A robust, high-quality uniform remeshing filter is an essential tool in any mesh modelling library. I know that VTK was originally not meant for modelling and probably there was no known open-source algorithm for uniform remeshing. But VTK has some excellent modelling tools now, VTK is widely used for modelling, and the open-source ACVD algorithm has proven to work very well for generating high quality uniform meshes.
Therefore, it would be time to add ACVD remeshing to VTK.
It has a BSD-type license. There is also a simplified implementation (uniform remeshing only) in Python (pyacvd), which would be sufficient.
We have recently made available this pyacvd implementation in 3D Slicer and it works amazingly well and it is already brought very significant improvements into several mesh modeling workflows. Here is a quick comparison with fast quadric decimation:
I know that I cannot “request” a feature without offering funding or contribution, I just wanted to bring this algorithm into VTK core developers’ attention.

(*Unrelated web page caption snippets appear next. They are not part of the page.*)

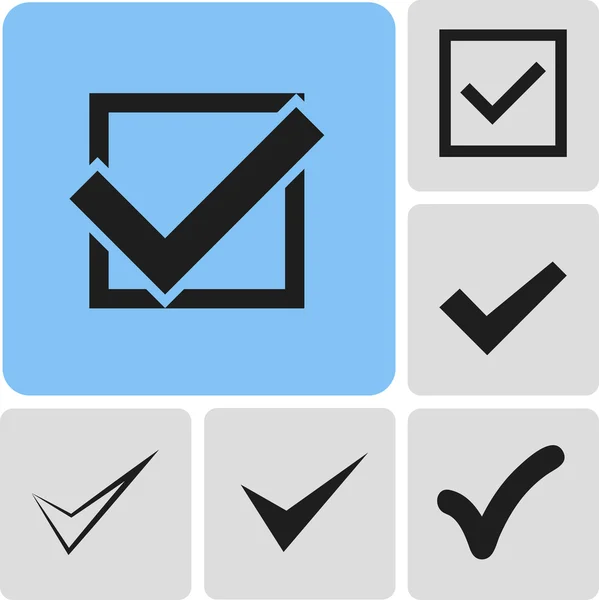 Confirmar conjunto de iconos. Estilo de diseño plano — Archivo Imágenes Vectoriales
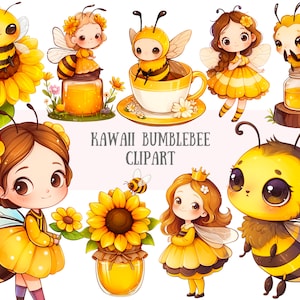 Acuarela Kawaii Bumblebee Clipart Lindo Chibi Bee Girl PNG Descargas de imágenes digitales para hacer tarjetas Scrapbook Junk Journal Paper Crafts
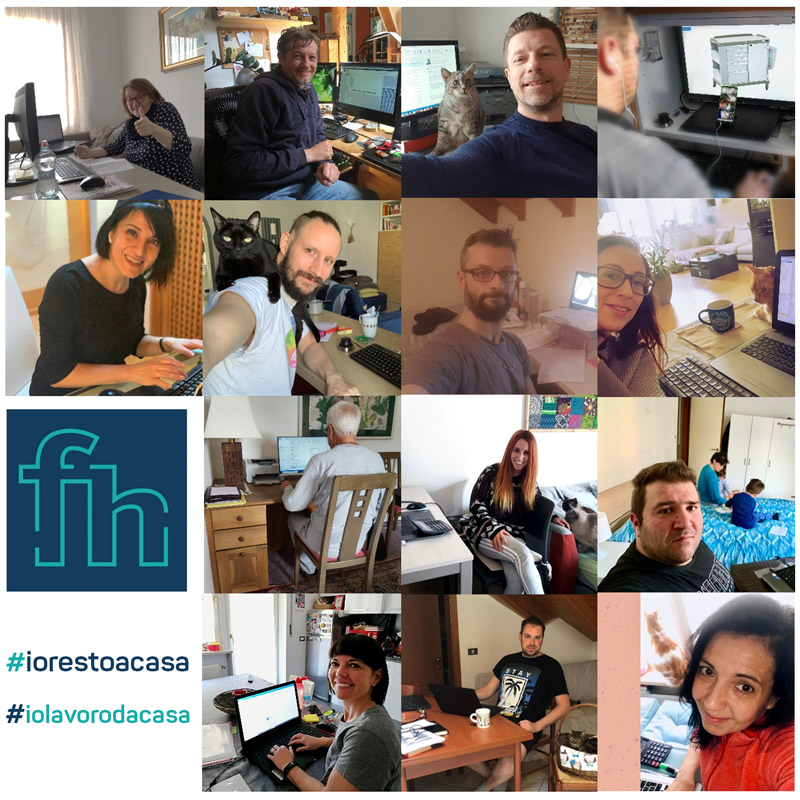 Combo puzzle: images of FH employees working from home during Covid-19 virus outbreak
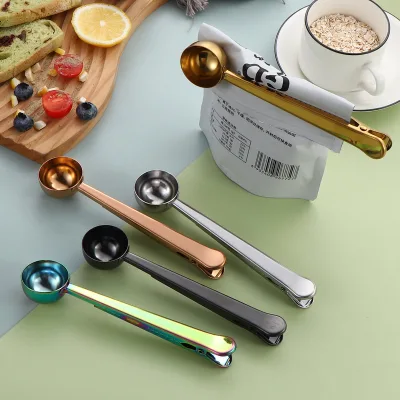 Wholesale Stainless Steel Scoop Tablespoon Protein Powder Coffee Moisture-Proof Measuring Spoon Long Handle Sealing Bag Clip for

When a funded project requires high-quality uniform meshes then adding an ACVD might be added to the scope, as it may very significant quality improvements in any case when uniform point distribution on a surface mesh is needed.
Andras, thanks for the heads up, this looks interesting. I assume you’ve tried this on topology / Euler numbers != 2 etc. – any unusual experiences or limitations that you’ve encountered would be interesting to me (before I dig into the paper(s)).
I only have first-hand experience with the simplified pyacvd implementation and it is very robust. It works well for open surfaces or surfaces with holes, too.
Left: original surface (11.4k points). Right: pyacvd result (1k points).
This Python package works within PyVista’s ecosystem and thus works very well with VTK in Python. However, having this directly in VTK and in C++ would be much better
There is also a simplified implementation (uniform remeshing only) in Python (pyacvd)
My implementation is somewhat less stable than ACVD, but it should work. If you’re going to implement a solution directly within VTK, I’d go with using ACVD.
I checked out a few papers last night, this is definitely a valuable piece of work and would be a good addition to VTK. My only grumble is that the algorithm is referred to as “fast” in the literature but from the data sizes, timings, etc. I think it’s slow (although relative to other remeshers etc, it may be fast, but I bet we could do 10x or better - although it’d be tricky to multithread).